All of this wraps around Chris Collingwood’s simile heavy vocals
to create the smirkiest pop you’re ever likely to love. Collingwood
writes lyrics seeped in overly literate, bored suburban passive
aggression, a theme he had perfected on the band’s self-titled
debut back in 1996 and that has carried through the band’s entire
catalogue. There’s a shimmer of smirking in-joke behind virtually
every track. It’s the kind of thing that, in the wrong hands,
turns otherwise decent bands into self-reflective parodies of
themselves. Think Nerf Herder. Luckily Fountains of Wayne usually
manage to skirt that particular pratfall, never allowing their
amusement at their own wittiness to overpower the need to write
songs accessible to non-in-crowd audiences.
Now, if you’re just not into guitar pop, or if quirky wordsmithing
isn’t in your top five reasons to listen to a band, these guys
are not likely to entertain you very much. There’s not much
here you haven’t heard before, sonically. The melodies are your
basic major key progressions, chorded, often fuzzed, but sometimes
simply amplified acoustics. The rhythms almost never venture
out of the slow- to mid-tempo straight time. There is nothing
even vaguely experimental or avant about the band or its music..
You’ve likely heard something very similar to the soundscapes
on Welcome Interstate Managers before. No one
should listen to the Fountains of Wayne looking for expansive
adventures in audio. But if you just enjoy solid to great pop
songwriting, if you hum along at the desk or sing your way through
the daily commute, if Gen-X word play amuses, it’s more than
worth the chance.
Standout tracks include the opener Mexican Wine, as
well as Bright Future in Sales and Little Red Light.

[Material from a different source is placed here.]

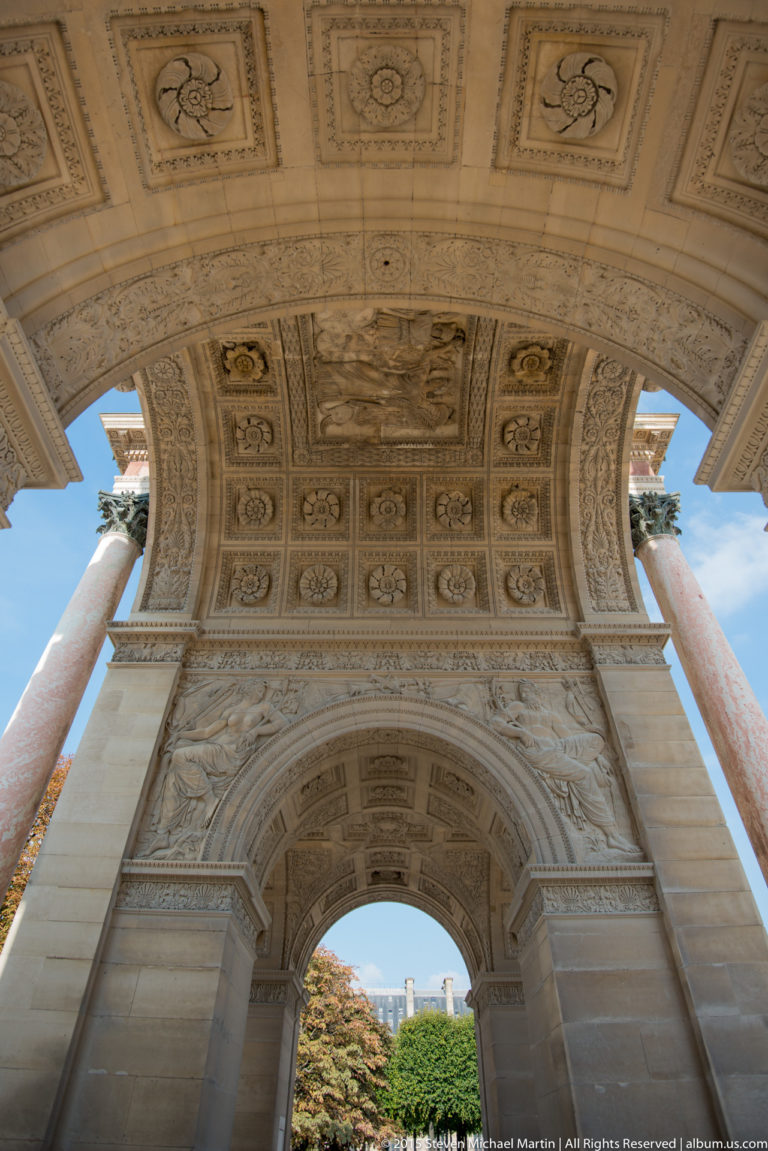 Oblique underside view of the Arc de Triomphe du Carrousel with coffered ceiling, pale stone arch, pink columns, trees, and sky.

…Sales is a brilliant deconstruction of post-Gen-X angst
playing itself out in the Arthur Miller’s shadow, the other
two are just brilliant love songs of a type. Hey Julie
and Bought for a Song are also solid-to-great offerings,
and while it's countrified tinge might set some listeners aback
considering the context, Hung up on You is very good
on its own merits. Bought for a Song is my favorite track
due to its just-beneath-the-surface anger and general crunch,
and reference to “sake in aluminum cans.” I could live without
Halley’s Waitress and Fire Island, but I’ve always
been less impressed by the band’s balladeering than with their
faster paced songs. Your mileage may vary, of course.
All in all, I give Welcome Interstate Managers
five sponges. It’s not going to change you mind if you’re zombie-minded
out by Radiohead’s latest; nor is it going to replace My Bloody
Valentine in many CD changers. But it can entertain for weeks
if you’re just looking for the lonesome art of pop, and that’s
worthy the ticket price for me.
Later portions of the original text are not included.